Figure 6: Shown is a three-stage pipelined adder which first adds the low-order bits, then adds the high-order bits, and finally computes the associated flags. Attached are injection and observation scanflops which are integrated into one of the layer's scan chains. Thick lines indicate multi-bit structures (e.g. thick lines represent buses and thick nFETs represent one nFET per bit in the associated buses).

The actual design of the LTC is dependent on the application and the goal of the designers. At one extreme, the LTC could be as simple as a few wires that connects the various chains into a single, very long chain and provides one scan-in connection and one scan-out connection. At the other extreme, the LTC could be a full IEEE 1149.1 TAP. The most likely design would be somewhere in between including multiplexors, demultiplexors, and a bypass register. See Section 5 for the particular LTC design we used in our experiments.

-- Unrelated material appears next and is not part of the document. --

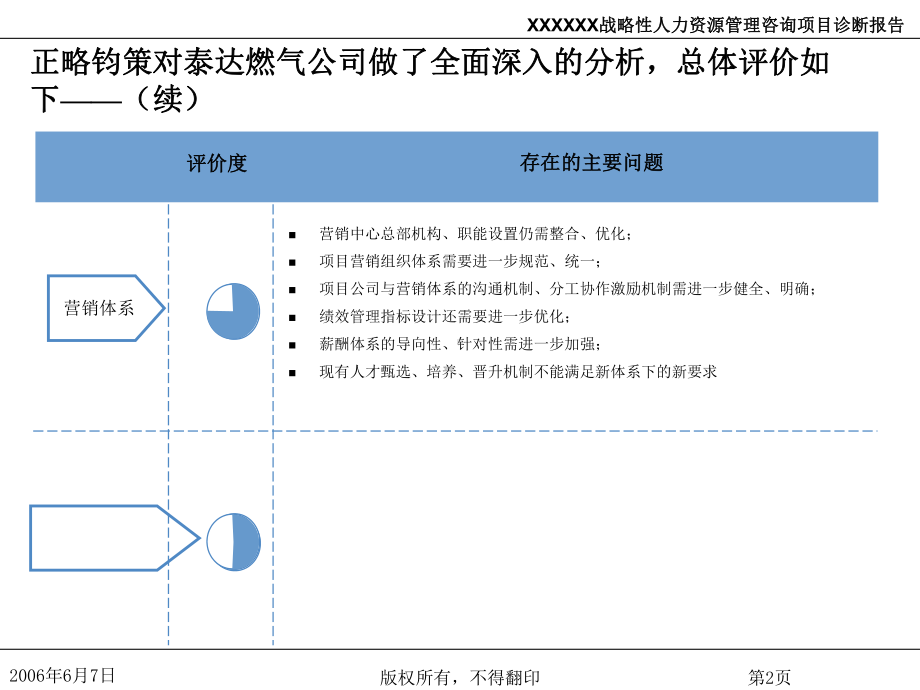 战略性人力资源体系管理咨询诊断报告课件.ppt_第2页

#### 4.2 Layer Border Scan Flops

To complete the scan island architecture, test values must be provided on the layer inputs, and test values must be observed on the layer outputs. There are two cases that must be considered. In the first case, a layer input directly drives a register or a register directly drives a layer output. To provide test value injection and observation, these registers need only be made part of a scan chain.

In the second case, D2D vias connect directly to logic, either as source or sink. Additional scan registers are required to inject and observe values on these lines. Figure 6 shows a three-stage staggered adder similar to the one implemented in the Pentium 4 processor [27]. In this adder, we assume the block providing the input and the block processing the output are placed on different layers. In order to inject and observe test values pre-bond, scan registers have been added to provide this functionality. The injection and observation scan registers shown are intentionally designed to be very light-weight in terms of area. The cost of this design choice is functionality; in particular, the value injection registers function properly only before bonding has occurred. Post-bond, turning on the pass FETs with the Test\_Enable signal would cause contention between the injection registers and whatever entity is sourcing values on the neighboring layer. This limitation could be overcome by simply converting the pass FETs into 2-to-1 multiplexors that select between the scan values and normal operation values. Unfortunately, this functionality would come at an area and performance cost. Alternatively, these injec-



Figure 7: Two optimized clock trees. (a) is designed for shortest wire length and thus least power consumption. (b) is designed for maximum pre-bond testability.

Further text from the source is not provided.